This week is National Infant Immunization Week (April 26 – May 3, 2014). This annual observance highlights the importance of protecting babies from vaccine-preventable diseases and celebrates the achievements of immunization programs.
In 1994 Vaccines for Children (VFC) was launched. This program provides vaccines for children whose parents may not be able to afford them. VFC was developed in response to a measles outbreak that ultimately caused over 100 deaths—even though the measles vaccine had been available since 1963.
In the 20 years since the VCF program was started, the CDC estimates “that vaccinations will prevent more than 21 million hospitalizations and 732,000 deaths among children born in the last 20 years.”
According to the CDC: “Several important milestones already have been reached in controlling vaccine-preventable diseases among infants worldwide. Vaccines have drastically reduced infant death and disability caused by preventable diseases in the United States. In addition:
• Through immunization, we can now protect infants and children from 14 vaccine-preventable diseases before age two.

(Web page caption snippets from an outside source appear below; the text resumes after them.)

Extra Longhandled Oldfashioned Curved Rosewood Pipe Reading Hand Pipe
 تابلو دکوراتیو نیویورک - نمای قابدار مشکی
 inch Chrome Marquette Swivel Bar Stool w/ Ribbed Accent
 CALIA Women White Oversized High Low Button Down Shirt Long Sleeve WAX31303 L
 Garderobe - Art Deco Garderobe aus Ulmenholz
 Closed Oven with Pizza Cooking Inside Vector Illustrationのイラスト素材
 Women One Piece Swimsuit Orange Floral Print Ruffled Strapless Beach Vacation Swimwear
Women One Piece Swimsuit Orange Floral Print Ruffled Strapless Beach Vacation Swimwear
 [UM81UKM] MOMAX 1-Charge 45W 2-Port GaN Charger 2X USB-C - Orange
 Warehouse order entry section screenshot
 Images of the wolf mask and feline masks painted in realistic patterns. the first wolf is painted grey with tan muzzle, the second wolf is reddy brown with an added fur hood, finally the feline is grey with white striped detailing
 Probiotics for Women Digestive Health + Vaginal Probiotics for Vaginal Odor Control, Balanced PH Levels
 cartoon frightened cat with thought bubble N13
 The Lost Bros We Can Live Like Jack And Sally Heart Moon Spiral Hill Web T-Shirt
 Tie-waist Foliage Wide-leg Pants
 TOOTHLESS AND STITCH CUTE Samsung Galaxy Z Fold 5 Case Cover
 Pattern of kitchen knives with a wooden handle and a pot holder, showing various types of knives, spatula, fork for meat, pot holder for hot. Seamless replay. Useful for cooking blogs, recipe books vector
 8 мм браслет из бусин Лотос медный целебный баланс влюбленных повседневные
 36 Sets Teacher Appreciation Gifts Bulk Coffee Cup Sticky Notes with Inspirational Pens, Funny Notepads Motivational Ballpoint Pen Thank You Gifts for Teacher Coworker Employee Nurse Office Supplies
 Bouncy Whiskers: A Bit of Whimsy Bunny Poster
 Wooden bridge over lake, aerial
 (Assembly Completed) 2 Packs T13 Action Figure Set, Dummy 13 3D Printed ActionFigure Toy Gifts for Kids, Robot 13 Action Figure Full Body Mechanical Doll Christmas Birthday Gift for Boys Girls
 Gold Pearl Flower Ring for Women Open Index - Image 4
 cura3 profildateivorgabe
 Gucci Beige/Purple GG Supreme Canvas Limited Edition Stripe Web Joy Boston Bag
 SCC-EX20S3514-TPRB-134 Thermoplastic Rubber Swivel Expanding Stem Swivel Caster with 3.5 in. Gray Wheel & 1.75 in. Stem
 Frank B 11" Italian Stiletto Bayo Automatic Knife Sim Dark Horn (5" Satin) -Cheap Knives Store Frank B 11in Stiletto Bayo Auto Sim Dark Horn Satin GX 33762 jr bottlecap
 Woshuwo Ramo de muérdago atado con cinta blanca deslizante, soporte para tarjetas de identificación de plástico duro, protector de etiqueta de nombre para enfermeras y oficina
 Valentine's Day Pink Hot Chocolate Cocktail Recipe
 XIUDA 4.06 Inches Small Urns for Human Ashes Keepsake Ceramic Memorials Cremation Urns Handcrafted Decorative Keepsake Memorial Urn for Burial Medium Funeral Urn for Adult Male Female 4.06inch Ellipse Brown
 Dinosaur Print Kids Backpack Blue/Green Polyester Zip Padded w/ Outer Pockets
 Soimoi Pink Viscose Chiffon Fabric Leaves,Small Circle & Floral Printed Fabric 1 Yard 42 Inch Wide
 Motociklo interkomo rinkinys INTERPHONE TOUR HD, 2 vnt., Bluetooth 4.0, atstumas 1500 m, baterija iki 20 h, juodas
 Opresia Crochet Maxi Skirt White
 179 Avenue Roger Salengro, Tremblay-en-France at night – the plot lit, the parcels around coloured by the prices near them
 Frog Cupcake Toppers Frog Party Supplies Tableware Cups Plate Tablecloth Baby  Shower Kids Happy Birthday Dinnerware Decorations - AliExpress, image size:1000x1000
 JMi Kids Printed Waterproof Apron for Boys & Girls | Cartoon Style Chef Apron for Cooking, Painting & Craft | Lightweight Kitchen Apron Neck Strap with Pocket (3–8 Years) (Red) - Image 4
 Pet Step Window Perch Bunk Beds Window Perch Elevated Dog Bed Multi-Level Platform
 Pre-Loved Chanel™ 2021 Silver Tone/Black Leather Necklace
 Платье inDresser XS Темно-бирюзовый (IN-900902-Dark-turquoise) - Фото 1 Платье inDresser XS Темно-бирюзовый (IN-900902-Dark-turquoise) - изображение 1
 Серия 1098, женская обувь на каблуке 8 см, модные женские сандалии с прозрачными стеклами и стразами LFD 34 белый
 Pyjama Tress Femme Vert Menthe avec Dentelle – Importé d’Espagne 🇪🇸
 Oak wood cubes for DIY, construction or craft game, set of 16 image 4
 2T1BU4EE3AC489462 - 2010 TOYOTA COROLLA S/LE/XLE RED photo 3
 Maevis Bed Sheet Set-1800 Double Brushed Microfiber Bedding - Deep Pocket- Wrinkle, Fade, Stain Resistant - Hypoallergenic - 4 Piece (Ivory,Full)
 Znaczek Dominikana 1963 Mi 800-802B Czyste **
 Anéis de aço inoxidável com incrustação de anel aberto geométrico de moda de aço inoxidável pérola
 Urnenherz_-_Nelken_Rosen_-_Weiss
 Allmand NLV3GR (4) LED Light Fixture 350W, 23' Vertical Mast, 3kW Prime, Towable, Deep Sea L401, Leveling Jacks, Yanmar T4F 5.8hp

• In the 1950s, nearly every child developed measles, and unfortunately, some even died from this serious disease. Today, few physicians just out of medical school will ever see a case of measles during their careers.
• Routine childhood immunization in one birth cohort prevents about 20 million cases of disease and about 42,000 deaths. It also saves about $13.5 billion in direct costs.
• The National Immunization Survey has consistently shown that childhood immunization rates for vaccines routinely recommended for children remain at or near record levels.”
As great as this news is, this year parts of the US are facing yet another measles outbreak. According to the CDC, as of April 18th, there have been 129 cases of measles. Most of these were contracted when individuals were out of the country. The people who have been infected were either not vaccinated, or did not know their vaccination status.
“Thanks to the VFC program, children in our country are no longer at significant risk from diseases that once killed thousands each year,” said CDC Director Tom Frieden, M.D., M.P.H. “Current outbreaks of measles in the U.S. serve as a reminder that these diseases are only a plane ride away. Borders can’t stop measles, but vaccination can.”